Other large tech companies, including Microsoft Corp and Amazon.com Inc, have also made strategic investments in top AI startups intended to drive business to their cloud computing offerings. But Nvidia occupies a unique spot in the AI ecosystem by dominating the market for advanced chips that are essential for training cutting-edge AI models.
See also: Singapore embraces AI, but workforce sentiment remains a challenge
As a result, the company has arguably been the single biggest beneficiary of the AI fervour to date.

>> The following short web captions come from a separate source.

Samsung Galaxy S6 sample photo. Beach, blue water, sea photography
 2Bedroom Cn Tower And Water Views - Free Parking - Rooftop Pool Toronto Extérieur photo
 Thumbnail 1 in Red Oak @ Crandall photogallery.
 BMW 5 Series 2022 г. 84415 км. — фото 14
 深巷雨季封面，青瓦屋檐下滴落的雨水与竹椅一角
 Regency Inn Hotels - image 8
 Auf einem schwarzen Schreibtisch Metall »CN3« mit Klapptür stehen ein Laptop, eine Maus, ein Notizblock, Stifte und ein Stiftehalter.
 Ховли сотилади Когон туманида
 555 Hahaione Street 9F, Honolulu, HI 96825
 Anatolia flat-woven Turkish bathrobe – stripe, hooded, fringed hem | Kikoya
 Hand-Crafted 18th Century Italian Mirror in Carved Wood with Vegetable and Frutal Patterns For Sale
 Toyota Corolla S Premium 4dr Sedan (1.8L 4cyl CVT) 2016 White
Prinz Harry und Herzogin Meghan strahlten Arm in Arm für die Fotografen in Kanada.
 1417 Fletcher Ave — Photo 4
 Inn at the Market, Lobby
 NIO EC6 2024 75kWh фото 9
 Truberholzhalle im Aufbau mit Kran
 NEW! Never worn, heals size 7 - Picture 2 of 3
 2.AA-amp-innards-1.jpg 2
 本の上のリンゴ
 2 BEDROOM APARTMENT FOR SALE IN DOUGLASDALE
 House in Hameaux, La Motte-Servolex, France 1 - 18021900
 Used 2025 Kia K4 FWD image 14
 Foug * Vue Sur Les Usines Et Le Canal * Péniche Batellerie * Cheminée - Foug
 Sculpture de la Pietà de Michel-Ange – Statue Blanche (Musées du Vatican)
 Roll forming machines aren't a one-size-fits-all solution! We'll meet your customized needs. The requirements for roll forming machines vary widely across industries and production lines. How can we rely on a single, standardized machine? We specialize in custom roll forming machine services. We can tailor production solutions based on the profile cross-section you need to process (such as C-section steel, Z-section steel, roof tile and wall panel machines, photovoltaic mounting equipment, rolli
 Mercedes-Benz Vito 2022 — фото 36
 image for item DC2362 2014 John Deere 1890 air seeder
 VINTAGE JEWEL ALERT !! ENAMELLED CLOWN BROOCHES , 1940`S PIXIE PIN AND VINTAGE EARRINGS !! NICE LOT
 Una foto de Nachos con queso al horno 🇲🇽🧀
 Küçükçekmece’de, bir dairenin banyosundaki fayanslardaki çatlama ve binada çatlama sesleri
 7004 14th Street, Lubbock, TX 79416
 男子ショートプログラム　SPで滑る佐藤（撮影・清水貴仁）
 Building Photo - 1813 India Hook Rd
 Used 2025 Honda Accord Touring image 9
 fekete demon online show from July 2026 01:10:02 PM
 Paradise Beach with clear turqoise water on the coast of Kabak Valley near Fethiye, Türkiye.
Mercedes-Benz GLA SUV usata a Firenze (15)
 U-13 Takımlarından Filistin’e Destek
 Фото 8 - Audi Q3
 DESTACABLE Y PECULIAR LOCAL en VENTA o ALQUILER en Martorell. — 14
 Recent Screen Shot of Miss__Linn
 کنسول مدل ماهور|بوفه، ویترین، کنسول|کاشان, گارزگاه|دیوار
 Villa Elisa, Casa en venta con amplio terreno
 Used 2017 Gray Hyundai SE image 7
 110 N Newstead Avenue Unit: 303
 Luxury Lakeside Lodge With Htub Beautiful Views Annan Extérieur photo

Nvidia’s deal with OpenAI also comes at an uncertain moment for the industry. More people inside and outside the industry acknowledge the risk of an AI bubble similar to the dot-com bust of 25 years ago. OpenAI Chief Executive Officer Sam Altman has indicated the valuations of some AI startups may not make sense, even as he professes his belief in the long-term potential of AI and the need to invest “trillions” on infrastructure to support it.
By having a closer tie-up with the world’s most valuable company, OpenAI may be able to unlock financing and access to more computing capacity that it can’t currently get on its own as a money-losing business.
See also: Should bond markets fear an AI bubble?
“It’s kind of like having your parents co-sign on your first mortgage,” said Jay Goldberg, an analyst with Seaport Global Securities who has a rare sell rating on Nvidia’s stock.
Goldberg said he also thought the deal carried a whiff of circular financing and may be emblematic of “bubble-like behaviour.”
“When times are good, this is going to make things better. We’re going to grow faster; numbers are going to go up much faster,” he said. “But when the cycle turns, and it will turn, it makes things worse on the downside."